== Stored data

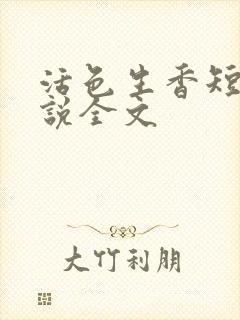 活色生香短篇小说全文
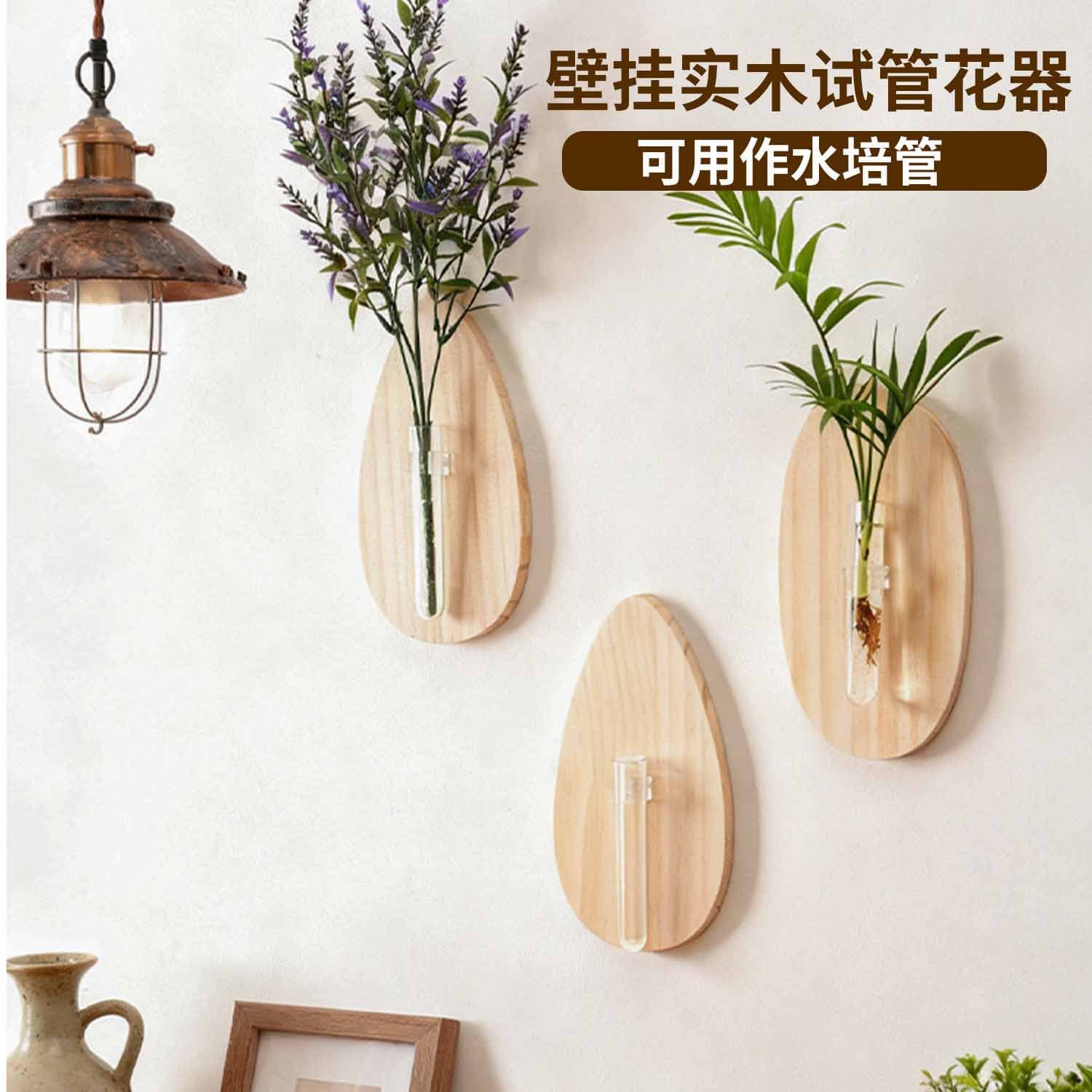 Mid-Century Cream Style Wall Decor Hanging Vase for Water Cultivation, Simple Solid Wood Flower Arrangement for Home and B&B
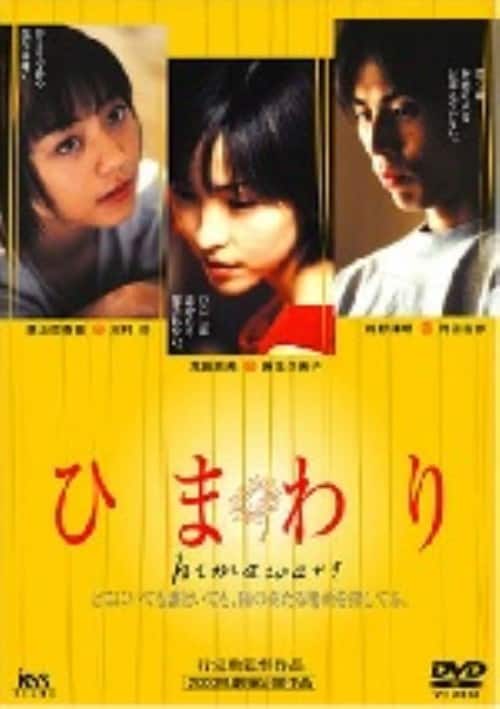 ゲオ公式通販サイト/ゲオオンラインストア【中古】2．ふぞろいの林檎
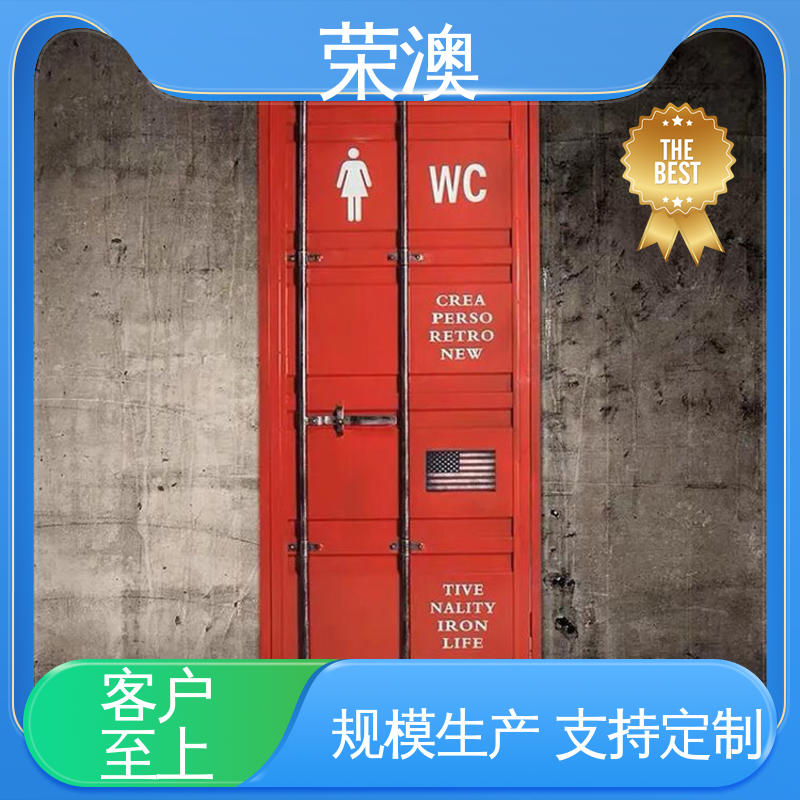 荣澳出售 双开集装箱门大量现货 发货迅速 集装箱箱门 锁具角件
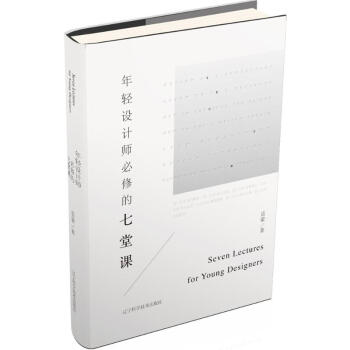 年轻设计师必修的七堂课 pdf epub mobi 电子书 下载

====
== Stored data

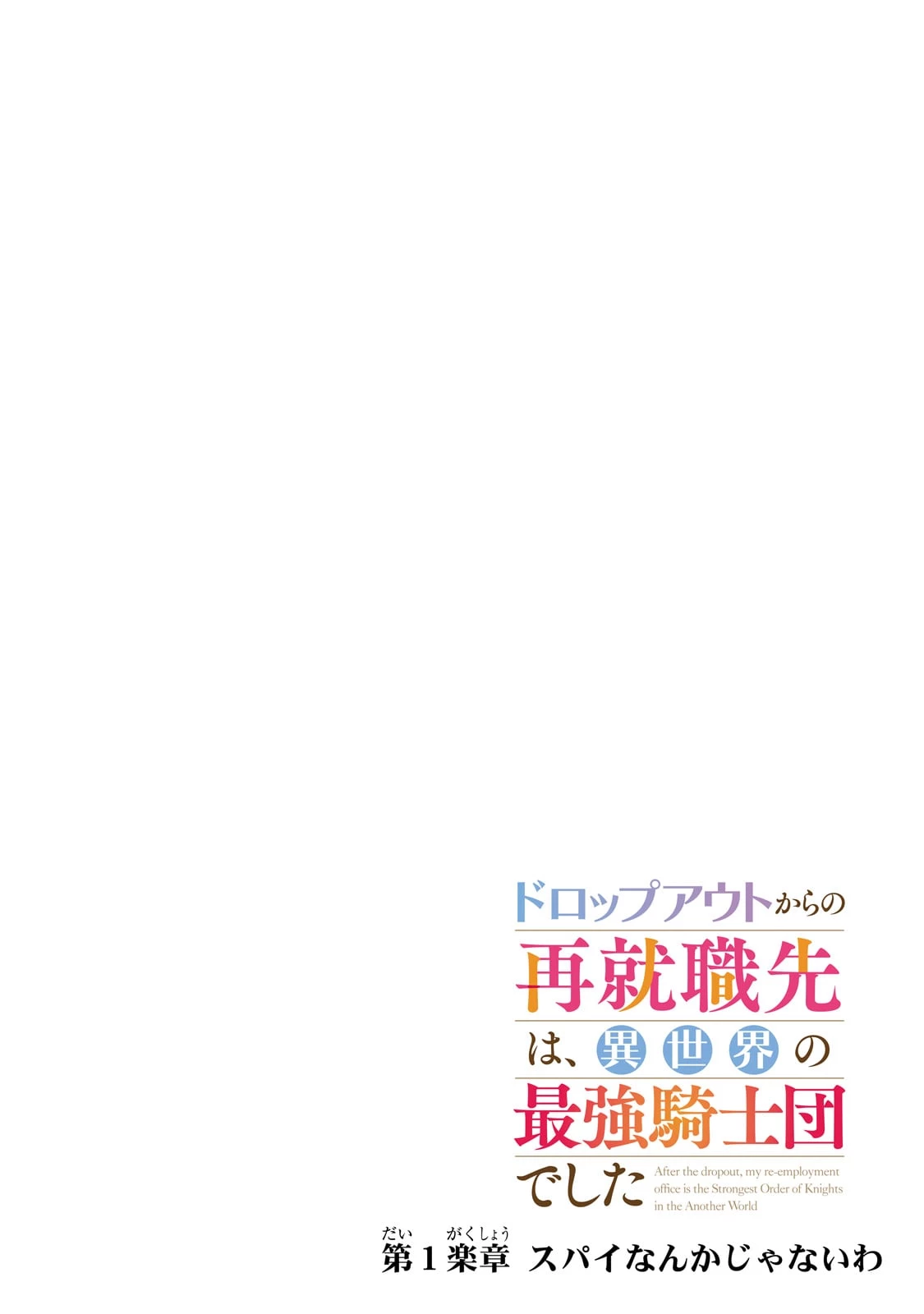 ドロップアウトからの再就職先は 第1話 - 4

====

◆ **Task requirements**: Among the entries above, find the line with "Mid-Century Cream Style" and repeat exactly from there through the line with "年轻设计师必修的七堂课 pdf epub mobi 电子书 下载", leaving out the pictures.

◆ **Result for this task**:
 Mid-Century Cream Style Wall Decor Hanging Vase for Water Cultivation, Simple Solid Wood Flower Arrangement for Home and B&B
 ゲオ公式通販サイト/ゲオオンラインストア【中古】2．ふぞろいの林檎
 荣澳出售 双开集装箱门大量现货 发货迅速 集装箱箱门 锁具角件
 年轻设计师必修的七堂课 pdf epub mobi 电子书 下载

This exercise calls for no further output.